Amidst all the festive decorations there is one flower which holds its place perfectly: the sparkling amaryllis. Consumers can read all about this Christmas star in the Flower Agenda at Funnyhowflowersdothat.co.uk. This long-stemmed stately beauty is perfect for capturing hearts: a festive delight! Show your customers the many styling possibilities offered by this enchanting flower in week 48 to week 52.

The amaryllis’s origin
Our amaryllis originates from South and Central America and the Caribbean, and is not actually an amaryllis. What we call amaryllis is actually called Hippeastrum. This radiant flower is derived from the narcissi family and grows from a bulb. The name Hippeastrum comes from the Greek and literally means ‘knight star’, referring to the star-shaped petals. Hippeus = knight and astron = star.

The amaryllis’s colours and shapes
The amaryllis’s petals are very unusual: they look like they’re made of fabulous velvet. In terms of colour they come in white, red, yellow, pink, salmon, purple, orange and bicoloured. There are usually 4 to 6 impressive flowers on the stem. The amaryllis as a cut flower does not have any leaves, which is why it’s sometimes called ‘Naked Lady’ in America.
Care tips for customers
Help your customers to enjoy their amaryllises for a long time by giving them the following tips.
•    Select a clean vase and fill it with tap water at room temperature.
•    Add cut flower food to the water for a longer vase life.
•    Trim the stems diagonally with a clean and sharp knife or secateurs.
•    Regularly top the vase up with tap water.
•    The amaryllis’s stem is sometimes too weak to bear the weight of the flowers: a stake inserted in the stem is then the solution to keep it properly upright.
•     Amaryllises will last longer in a cool spot; do not place them in the sun or close to a source of heat.
•    Don’t place amaryllises near a fruit bowl. Fruit emits ethylene gas which will cause the flowers to age more rapidly.

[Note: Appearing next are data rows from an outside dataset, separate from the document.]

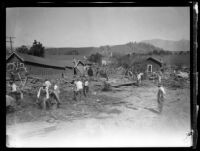 African American workers clearing flood debris following the flood resulting from the failure of the Saint Francis Dam, Santa Clara River Valley, 1928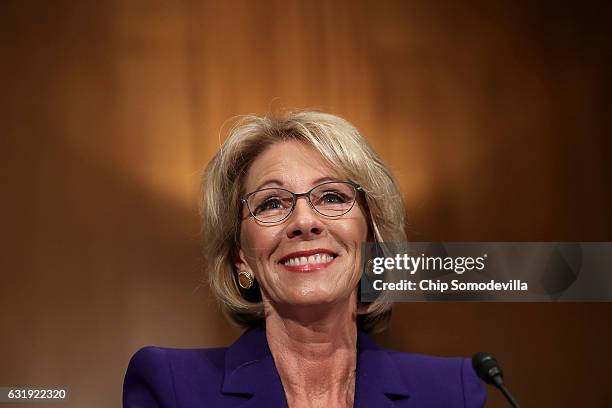 Betsy DeVos, President-elect Donald Trump's pick to be the next Secretary of Education, testifies during her confirmation hearing before the Senate...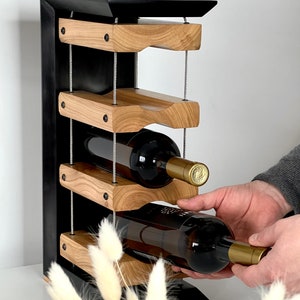 May include: A black metal wine rack with four wooden shelves, each with a curved design to hold wine bottles. The rack is suspended by metal cables and has a modern, minimalist design.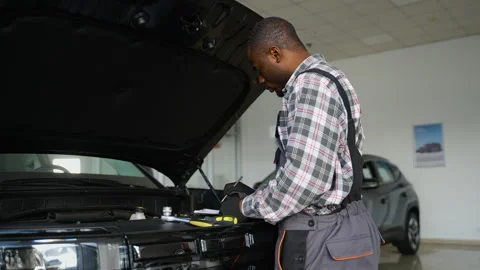 Auto mechanic taking notes during vehicle inspection Stock Footage 300611588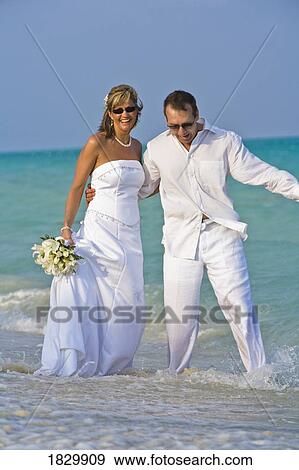 Bride and groom on beach View Large Photo Image Stock Photo - Bride and groom on beach. Fotosearch
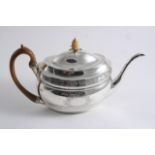 A MODERN ENGRAVED OVAL TEA POT in the George III style with two vacant trophy of arms cartouches and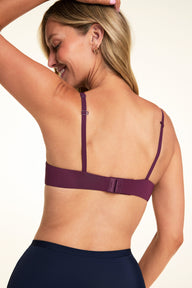 On a light studio backdrop, Meagan wears the Base T-Shirt Bra in Eggplant. The angled back view showcases the smooth band, adjustable straps, and hook-and-eye closure.
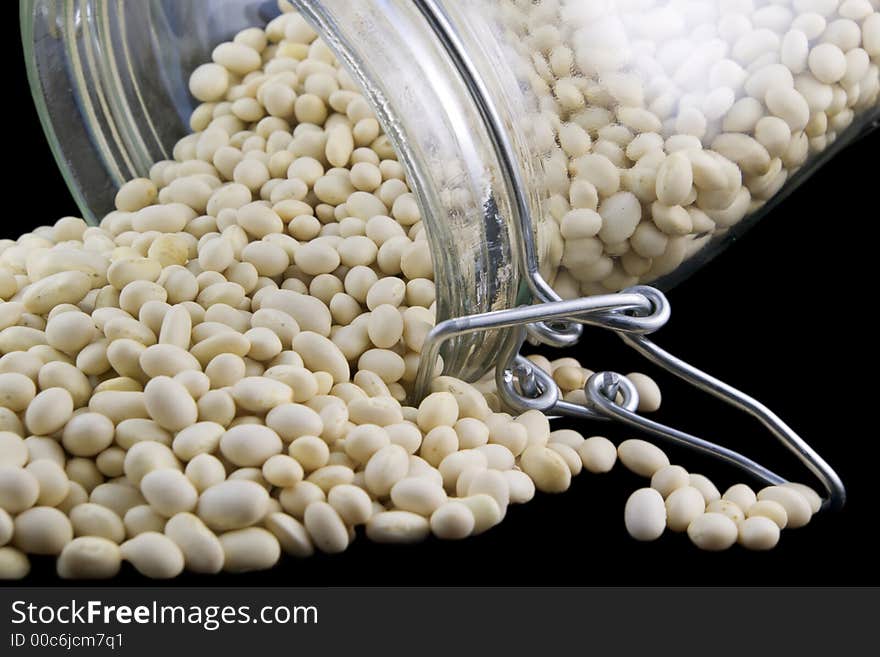 White kidney beans in a pile near open glass jar. White kidney beans in a pile near open glass jar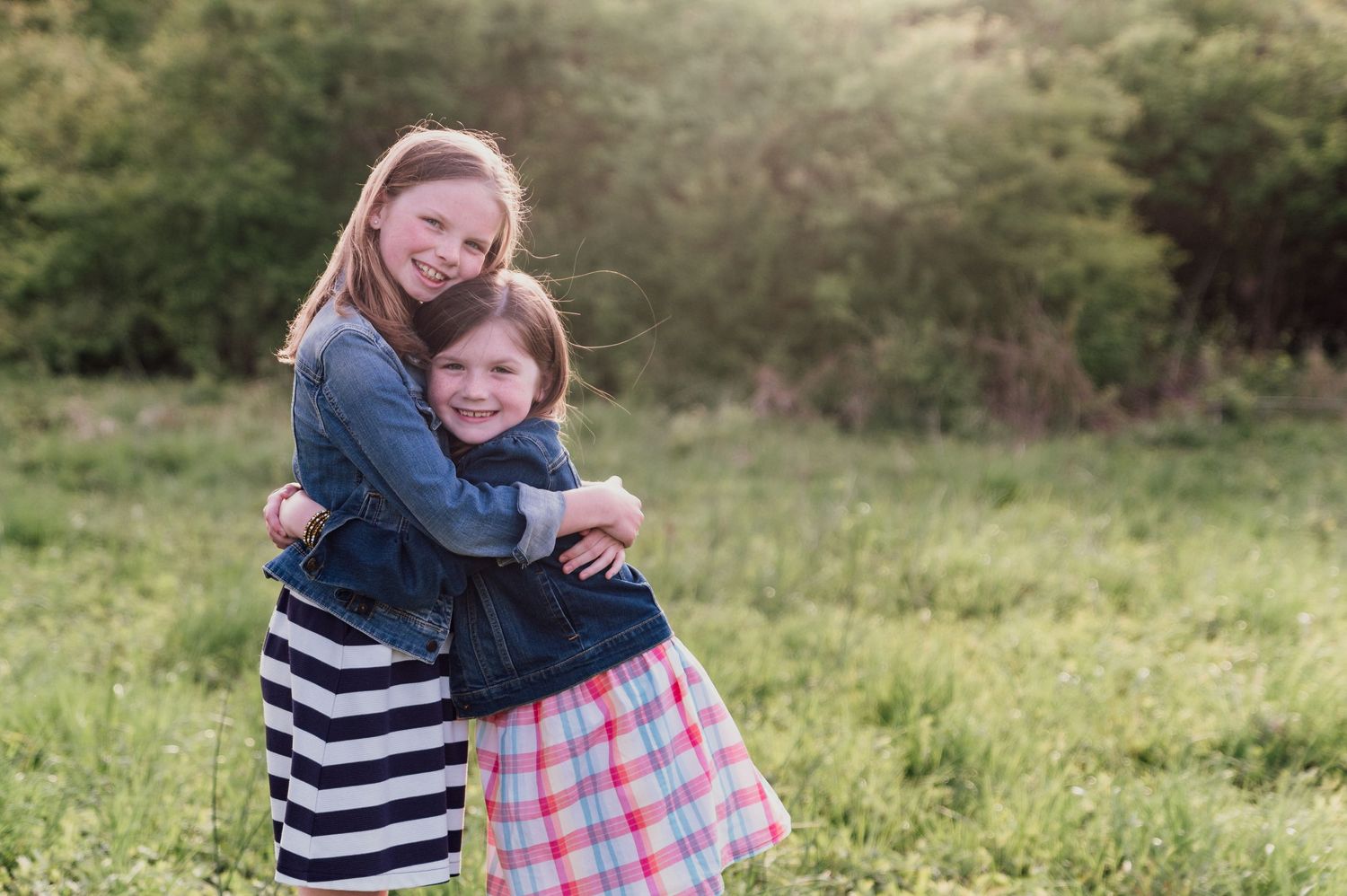 sisters hugging french park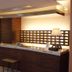 Center Hotel Toyota lobby front desk with wood paneling and a floor lamp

How to make an amaryllis bouquet
Amaryllis is striking enough to make a statement on its own but it does work very well with other flowers in different styles, from extravagant to classic. Try combining it with lots of holly. The large lidded glass pot turns the display into a work of art. Your customers will be pleasantly surprised!

Amaryllis symbolism
The amaryllis symbolises pride and enchanting beauty and represents friendship and affection. It’s the perfect flower for capturing someone’s heart so it’s a lovely gift to receive!

Inspiration and information
Inspiring images of every flower in the Flower Agenda have been produced in line with the Horticulture Sector Trends 2016 (Groenbranche Trends 2016). These trends are a translation of what our consumers are interested in at the moment and are specifically aimed at the horticulture sector for use both indoors and outdoors.